You might as well open your eyes.
Your thoughts don't have words every day
They come a single time
Like signal esoteric sips
Of the communion Wine
Which while you taste so native seems
So easy so to be
You cannot comprehend its price
Nor its infrequency
 
My ex gave Bel a very thoughtful Christmas gift. :rose:
It doesn't have to involve meter nor rhyme.

I think that's what Emily was trying to say.

It could be a very thoughtful Christmas gift, or the Empire State Building. We're all going to die, so it doesn't really matter.

But Emily saw things through the lens of perspective, which few people do.

That, by itself, when you consider the vastness of the Universe, and how many people could have loved you, but for the fact that you were preoccupied with someone else...

Love the people who love you.
 
That was sublime. Recommend me a book. I am in possession of a "gift card," and I now want some D. H. Lawrence in the mix.

:rose: Glad you liked it. If you want to read a great D.H. Lawrence book, I'd recommend The Rainbow or Lady Chatterley's Lover. Both are fantastic.
 
:rose: Glad you liked it. If you want to read a great D.H. Lawrence book, I'd recommend The Rainbow or Lady Chatterley's Lover. Both are fantastic.
Now you have to pick one.

Imagine a beautiful lad overcome by lust who squandered his talent by spending all his time fucking some girl.

Now, imagine he has no friends left, because she was cheap, and they all have familes and obligations.

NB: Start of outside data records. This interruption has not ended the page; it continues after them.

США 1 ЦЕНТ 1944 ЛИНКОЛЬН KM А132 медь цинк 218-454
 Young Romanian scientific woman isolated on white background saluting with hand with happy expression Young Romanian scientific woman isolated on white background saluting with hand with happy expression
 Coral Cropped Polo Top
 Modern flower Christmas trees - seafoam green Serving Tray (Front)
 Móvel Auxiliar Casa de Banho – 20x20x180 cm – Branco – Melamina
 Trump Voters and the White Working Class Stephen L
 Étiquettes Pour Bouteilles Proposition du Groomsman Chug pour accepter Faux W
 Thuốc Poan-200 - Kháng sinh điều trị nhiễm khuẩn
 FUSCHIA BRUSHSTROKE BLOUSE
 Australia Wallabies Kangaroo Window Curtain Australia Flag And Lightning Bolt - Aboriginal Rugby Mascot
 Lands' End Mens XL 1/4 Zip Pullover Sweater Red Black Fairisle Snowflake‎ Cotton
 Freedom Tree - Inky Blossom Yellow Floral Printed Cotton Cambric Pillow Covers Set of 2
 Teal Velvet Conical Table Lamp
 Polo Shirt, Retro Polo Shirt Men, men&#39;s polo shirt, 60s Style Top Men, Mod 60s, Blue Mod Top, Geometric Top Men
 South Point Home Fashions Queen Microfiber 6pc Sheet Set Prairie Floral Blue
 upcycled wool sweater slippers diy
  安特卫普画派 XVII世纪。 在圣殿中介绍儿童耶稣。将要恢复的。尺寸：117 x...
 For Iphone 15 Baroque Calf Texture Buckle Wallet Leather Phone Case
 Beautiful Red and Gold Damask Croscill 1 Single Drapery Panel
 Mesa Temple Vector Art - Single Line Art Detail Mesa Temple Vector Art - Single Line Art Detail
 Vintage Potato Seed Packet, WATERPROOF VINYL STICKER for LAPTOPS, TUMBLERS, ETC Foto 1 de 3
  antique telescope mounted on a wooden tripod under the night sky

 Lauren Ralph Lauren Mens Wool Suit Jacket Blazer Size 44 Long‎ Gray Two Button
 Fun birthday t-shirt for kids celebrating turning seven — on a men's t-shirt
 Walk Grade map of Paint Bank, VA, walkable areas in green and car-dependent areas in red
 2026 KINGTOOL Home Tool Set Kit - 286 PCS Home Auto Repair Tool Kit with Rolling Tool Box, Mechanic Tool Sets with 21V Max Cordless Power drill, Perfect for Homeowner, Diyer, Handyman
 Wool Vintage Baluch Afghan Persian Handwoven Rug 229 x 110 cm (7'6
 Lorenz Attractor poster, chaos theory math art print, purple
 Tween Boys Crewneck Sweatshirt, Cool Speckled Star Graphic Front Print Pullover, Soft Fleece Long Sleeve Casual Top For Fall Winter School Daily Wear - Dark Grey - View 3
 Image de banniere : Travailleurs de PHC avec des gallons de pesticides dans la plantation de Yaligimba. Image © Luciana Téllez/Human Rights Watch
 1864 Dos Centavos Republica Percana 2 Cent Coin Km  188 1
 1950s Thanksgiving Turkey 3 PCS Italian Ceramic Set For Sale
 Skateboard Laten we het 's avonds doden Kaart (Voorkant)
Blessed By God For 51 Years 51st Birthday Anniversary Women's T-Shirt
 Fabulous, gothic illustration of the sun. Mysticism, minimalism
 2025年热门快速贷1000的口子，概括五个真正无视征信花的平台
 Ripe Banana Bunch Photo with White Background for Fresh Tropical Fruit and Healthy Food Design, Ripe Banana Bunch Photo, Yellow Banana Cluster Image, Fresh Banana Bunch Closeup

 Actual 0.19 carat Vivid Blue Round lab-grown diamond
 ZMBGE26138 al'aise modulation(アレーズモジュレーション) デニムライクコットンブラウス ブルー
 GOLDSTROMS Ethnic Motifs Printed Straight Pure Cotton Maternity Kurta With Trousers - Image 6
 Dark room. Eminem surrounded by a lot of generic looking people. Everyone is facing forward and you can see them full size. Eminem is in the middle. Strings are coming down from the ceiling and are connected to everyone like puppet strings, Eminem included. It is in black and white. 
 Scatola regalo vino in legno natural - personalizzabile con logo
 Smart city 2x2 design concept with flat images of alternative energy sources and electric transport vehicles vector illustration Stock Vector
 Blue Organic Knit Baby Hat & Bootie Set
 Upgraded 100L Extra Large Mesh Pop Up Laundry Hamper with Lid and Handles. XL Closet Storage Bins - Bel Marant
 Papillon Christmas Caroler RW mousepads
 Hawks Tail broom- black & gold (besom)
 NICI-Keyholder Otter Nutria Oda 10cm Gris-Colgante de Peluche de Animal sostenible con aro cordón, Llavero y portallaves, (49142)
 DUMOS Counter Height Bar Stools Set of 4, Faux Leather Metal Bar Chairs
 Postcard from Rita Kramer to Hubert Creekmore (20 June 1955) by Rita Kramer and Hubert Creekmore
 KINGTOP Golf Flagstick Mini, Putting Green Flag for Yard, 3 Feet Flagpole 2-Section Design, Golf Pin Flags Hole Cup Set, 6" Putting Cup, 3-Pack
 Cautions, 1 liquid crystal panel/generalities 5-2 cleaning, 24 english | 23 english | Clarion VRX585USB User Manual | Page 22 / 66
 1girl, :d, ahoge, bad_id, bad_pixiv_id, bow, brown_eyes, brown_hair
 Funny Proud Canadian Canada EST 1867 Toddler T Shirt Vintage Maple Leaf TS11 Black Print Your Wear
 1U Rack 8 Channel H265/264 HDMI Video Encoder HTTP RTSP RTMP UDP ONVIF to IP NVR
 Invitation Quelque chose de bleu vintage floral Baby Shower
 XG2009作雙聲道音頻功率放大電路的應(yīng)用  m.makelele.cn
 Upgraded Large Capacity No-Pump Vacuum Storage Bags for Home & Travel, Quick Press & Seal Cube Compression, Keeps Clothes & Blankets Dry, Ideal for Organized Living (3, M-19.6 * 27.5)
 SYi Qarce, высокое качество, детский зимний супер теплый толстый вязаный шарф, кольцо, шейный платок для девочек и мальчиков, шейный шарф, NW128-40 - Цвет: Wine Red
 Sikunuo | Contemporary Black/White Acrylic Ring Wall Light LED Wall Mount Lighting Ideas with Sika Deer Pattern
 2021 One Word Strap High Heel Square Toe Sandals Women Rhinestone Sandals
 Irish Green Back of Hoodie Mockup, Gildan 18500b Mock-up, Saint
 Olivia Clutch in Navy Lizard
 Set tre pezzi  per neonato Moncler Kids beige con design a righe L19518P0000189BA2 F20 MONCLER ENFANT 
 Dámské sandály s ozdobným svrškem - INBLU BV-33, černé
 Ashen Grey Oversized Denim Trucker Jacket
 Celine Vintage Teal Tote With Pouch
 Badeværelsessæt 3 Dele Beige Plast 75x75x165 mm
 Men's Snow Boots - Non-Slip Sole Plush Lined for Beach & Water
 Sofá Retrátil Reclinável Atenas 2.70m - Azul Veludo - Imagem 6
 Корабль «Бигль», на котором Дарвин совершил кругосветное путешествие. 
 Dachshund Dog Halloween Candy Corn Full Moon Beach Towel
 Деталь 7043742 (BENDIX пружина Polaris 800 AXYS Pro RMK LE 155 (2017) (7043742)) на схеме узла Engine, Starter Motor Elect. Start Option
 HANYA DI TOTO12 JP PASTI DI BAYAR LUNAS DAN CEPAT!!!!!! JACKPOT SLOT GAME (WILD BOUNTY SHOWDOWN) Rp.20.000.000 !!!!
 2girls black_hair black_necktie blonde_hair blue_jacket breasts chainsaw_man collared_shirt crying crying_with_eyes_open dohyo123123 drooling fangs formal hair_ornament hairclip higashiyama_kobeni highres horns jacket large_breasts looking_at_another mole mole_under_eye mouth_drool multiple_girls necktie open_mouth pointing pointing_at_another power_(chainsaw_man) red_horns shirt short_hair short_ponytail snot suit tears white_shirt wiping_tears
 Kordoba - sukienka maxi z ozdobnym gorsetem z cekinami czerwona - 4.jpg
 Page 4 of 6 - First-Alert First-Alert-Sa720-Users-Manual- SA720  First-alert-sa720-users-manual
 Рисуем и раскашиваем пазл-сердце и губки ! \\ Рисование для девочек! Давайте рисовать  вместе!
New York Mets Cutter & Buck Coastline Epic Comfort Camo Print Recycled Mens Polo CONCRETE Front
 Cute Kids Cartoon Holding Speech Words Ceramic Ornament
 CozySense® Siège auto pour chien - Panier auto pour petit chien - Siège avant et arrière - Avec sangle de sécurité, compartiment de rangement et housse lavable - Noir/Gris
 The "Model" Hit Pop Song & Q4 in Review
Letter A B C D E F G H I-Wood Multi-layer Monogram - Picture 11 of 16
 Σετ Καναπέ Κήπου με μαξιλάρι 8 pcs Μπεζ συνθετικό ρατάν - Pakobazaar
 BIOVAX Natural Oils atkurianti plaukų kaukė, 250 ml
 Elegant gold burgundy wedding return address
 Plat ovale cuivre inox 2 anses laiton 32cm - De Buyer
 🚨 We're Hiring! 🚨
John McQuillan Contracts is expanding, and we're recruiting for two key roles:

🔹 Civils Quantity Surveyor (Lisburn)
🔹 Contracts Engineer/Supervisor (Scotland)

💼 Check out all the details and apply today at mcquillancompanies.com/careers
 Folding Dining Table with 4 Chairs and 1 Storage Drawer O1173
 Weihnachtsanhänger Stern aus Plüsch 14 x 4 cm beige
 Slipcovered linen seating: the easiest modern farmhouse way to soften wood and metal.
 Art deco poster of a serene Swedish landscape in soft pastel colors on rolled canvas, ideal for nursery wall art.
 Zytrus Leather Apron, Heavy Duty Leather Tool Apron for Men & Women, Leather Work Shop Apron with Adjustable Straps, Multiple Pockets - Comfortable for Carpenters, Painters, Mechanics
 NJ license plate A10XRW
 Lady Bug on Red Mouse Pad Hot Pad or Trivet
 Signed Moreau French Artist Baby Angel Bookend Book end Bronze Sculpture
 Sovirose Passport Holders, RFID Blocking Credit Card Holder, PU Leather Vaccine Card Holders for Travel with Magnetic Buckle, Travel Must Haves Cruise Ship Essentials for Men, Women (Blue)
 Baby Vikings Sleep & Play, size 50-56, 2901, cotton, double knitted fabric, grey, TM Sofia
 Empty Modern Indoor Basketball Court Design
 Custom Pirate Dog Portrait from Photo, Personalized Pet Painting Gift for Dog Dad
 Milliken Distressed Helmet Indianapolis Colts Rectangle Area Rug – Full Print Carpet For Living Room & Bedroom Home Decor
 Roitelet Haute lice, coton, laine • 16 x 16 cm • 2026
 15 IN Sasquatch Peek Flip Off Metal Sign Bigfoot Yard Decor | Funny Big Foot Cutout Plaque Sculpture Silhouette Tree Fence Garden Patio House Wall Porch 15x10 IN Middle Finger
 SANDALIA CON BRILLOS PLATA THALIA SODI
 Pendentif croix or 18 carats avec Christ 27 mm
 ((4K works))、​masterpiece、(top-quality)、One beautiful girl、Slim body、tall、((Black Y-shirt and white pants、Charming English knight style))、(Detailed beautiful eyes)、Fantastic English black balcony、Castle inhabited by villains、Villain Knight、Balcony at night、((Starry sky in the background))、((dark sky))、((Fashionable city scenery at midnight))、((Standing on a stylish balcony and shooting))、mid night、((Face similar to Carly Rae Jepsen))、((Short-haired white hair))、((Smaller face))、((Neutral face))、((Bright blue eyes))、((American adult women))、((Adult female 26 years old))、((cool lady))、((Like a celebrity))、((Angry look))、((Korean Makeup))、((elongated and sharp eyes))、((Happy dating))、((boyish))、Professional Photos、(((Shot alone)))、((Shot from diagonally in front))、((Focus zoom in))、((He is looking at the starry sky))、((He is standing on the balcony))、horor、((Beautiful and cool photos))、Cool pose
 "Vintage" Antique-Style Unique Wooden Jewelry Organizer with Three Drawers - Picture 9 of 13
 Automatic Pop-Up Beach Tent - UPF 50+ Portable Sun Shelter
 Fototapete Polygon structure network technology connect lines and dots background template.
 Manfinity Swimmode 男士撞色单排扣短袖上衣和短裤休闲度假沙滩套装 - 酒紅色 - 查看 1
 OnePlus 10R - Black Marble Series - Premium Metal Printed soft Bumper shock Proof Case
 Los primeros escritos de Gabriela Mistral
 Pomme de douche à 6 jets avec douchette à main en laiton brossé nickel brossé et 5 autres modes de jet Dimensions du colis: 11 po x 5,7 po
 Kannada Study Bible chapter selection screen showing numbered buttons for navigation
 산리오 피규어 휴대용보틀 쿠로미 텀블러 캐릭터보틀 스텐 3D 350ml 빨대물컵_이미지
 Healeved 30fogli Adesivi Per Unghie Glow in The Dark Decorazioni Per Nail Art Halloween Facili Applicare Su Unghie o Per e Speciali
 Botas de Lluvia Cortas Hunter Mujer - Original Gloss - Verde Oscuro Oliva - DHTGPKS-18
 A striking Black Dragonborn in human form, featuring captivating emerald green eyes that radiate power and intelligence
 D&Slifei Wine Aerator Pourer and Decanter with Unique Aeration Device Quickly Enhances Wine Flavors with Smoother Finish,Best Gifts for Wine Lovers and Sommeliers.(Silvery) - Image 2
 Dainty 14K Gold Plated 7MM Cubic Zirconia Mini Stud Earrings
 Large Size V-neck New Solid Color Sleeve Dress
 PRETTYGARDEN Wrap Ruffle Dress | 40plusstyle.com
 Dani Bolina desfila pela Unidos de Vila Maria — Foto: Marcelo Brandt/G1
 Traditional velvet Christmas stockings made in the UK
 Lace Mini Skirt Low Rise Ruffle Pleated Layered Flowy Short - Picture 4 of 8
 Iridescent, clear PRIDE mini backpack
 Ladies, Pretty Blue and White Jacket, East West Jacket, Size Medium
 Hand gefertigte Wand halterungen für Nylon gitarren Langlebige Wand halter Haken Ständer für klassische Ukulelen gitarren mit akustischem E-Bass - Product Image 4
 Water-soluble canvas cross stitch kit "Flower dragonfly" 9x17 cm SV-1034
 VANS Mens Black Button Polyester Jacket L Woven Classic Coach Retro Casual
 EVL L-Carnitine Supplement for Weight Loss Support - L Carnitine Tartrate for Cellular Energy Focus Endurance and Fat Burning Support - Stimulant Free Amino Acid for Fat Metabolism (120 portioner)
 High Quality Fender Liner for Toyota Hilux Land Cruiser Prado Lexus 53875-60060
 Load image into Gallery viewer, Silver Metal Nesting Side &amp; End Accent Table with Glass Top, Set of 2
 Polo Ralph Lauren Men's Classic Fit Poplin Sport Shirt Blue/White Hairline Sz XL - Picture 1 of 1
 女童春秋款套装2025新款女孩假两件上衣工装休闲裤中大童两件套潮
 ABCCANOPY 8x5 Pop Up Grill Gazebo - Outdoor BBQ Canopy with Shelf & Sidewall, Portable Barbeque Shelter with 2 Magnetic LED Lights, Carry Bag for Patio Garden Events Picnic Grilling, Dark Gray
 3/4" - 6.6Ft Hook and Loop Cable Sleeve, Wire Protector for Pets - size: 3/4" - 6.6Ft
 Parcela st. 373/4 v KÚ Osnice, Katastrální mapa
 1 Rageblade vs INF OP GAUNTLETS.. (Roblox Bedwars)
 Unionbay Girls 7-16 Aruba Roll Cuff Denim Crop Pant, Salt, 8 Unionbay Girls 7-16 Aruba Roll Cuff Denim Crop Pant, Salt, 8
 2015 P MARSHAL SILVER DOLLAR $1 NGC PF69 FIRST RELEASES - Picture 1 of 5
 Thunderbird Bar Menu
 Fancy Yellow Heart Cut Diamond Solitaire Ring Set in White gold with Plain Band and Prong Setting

Perhaps he will use his talent, perhaps he will drift into shadows.

Which book?
 
Now you have to pick one.

Imagine a beautiful lad overcome by lust who squandered his talent by spending all his time fucking some girl.

Now, imagine he has no friends left, because she was cheap, and they all have familes and obligations.

Perhaps he will use his talent, perhaps he will drift into shadows.

Which book?

:) :rose: I would say The Rainbow. It is beautifully written and in the book, Lawrence so deliciously uses nature and its multifold metaphorical possibilities to express the erotic. Enjoy it, beautiful lad.